- [Exercise input]:
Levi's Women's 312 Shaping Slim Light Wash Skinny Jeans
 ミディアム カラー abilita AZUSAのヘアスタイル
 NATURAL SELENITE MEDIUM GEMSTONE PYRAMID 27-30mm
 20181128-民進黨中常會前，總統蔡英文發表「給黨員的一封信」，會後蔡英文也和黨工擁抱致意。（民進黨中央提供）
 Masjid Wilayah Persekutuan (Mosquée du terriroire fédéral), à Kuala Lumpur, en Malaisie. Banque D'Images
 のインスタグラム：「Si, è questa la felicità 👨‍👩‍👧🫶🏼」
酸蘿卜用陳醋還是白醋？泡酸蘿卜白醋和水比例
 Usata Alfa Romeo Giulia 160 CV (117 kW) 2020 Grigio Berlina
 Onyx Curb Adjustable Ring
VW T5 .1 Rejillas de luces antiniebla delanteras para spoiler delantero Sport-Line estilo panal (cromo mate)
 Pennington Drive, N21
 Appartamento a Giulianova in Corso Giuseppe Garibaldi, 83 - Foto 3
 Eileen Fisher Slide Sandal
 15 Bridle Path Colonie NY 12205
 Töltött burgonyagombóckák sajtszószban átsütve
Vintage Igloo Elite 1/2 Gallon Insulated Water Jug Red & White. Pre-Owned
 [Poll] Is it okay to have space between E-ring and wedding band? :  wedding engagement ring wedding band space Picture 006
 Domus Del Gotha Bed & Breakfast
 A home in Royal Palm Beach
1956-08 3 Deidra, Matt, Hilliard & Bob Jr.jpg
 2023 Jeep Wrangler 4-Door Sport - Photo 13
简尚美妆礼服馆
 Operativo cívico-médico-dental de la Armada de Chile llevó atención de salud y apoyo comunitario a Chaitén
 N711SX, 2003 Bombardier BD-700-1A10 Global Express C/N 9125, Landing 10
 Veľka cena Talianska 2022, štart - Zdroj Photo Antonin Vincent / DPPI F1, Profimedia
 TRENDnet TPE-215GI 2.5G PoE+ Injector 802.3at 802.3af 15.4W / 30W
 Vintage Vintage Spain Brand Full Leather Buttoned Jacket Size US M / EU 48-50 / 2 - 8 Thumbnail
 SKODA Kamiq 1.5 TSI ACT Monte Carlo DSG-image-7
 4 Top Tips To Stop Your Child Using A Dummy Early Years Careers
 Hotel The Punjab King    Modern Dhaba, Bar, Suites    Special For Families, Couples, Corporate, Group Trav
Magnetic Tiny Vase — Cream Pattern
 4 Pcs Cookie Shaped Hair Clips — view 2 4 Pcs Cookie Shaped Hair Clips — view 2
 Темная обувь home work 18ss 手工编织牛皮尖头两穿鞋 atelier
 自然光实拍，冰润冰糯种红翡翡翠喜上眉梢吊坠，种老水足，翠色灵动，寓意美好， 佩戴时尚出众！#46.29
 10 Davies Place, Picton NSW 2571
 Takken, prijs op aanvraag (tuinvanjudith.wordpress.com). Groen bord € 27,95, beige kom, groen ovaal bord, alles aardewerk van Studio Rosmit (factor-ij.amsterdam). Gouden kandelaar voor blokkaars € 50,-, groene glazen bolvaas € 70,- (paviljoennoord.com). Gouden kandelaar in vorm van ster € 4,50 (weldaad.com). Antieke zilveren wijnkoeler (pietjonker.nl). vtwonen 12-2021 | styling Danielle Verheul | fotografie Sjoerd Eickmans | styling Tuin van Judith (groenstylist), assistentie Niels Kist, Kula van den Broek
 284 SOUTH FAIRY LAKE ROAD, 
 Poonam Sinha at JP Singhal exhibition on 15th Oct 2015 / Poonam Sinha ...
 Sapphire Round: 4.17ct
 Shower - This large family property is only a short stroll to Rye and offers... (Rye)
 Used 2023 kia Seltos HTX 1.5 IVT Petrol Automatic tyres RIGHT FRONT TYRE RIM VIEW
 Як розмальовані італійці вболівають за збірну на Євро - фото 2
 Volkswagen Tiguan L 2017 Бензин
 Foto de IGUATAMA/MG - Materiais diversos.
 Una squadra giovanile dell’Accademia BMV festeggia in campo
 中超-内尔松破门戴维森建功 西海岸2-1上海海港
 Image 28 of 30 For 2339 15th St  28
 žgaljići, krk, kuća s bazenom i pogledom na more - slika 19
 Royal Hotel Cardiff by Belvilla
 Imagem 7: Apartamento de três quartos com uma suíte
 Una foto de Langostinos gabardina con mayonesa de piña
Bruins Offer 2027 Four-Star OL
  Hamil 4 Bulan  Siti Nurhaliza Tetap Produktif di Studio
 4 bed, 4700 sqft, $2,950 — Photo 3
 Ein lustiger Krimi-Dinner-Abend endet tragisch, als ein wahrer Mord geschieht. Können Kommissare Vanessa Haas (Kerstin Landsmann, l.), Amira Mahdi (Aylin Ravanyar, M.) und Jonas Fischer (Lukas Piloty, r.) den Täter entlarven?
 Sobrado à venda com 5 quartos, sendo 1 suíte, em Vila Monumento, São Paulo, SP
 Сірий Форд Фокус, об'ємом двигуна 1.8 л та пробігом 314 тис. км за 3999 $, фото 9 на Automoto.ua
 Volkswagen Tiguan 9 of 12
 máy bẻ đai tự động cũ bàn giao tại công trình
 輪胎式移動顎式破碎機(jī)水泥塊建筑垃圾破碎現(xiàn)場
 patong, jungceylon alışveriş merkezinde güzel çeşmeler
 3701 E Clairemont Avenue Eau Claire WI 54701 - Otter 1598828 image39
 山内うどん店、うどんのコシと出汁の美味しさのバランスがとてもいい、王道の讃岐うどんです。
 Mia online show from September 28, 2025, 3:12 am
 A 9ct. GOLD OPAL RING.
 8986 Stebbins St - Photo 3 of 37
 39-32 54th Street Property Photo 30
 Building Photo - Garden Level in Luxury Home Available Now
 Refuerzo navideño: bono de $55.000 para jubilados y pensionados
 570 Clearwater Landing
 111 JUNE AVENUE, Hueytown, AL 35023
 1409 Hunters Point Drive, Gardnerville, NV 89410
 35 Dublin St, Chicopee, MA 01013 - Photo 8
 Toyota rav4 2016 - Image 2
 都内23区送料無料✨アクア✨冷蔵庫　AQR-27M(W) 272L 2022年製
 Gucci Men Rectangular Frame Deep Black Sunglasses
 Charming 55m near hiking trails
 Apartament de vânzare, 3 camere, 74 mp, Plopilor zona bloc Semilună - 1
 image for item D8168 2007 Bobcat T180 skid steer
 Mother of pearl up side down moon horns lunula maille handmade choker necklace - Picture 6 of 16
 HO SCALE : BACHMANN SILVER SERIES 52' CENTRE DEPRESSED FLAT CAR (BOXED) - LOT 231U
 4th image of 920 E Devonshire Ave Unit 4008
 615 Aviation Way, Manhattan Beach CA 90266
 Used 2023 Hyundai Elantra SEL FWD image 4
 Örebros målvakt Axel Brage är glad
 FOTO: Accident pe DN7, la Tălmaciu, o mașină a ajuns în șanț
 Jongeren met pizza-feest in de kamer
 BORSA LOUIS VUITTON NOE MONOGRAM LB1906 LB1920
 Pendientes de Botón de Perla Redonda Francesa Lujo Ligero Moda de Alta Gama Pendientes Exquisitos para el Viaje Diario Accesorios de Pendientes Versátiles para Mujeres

- [Problem to solve]: Count each line of the material that includes "Drive", and reply with only the count.

- [Your solution]: 2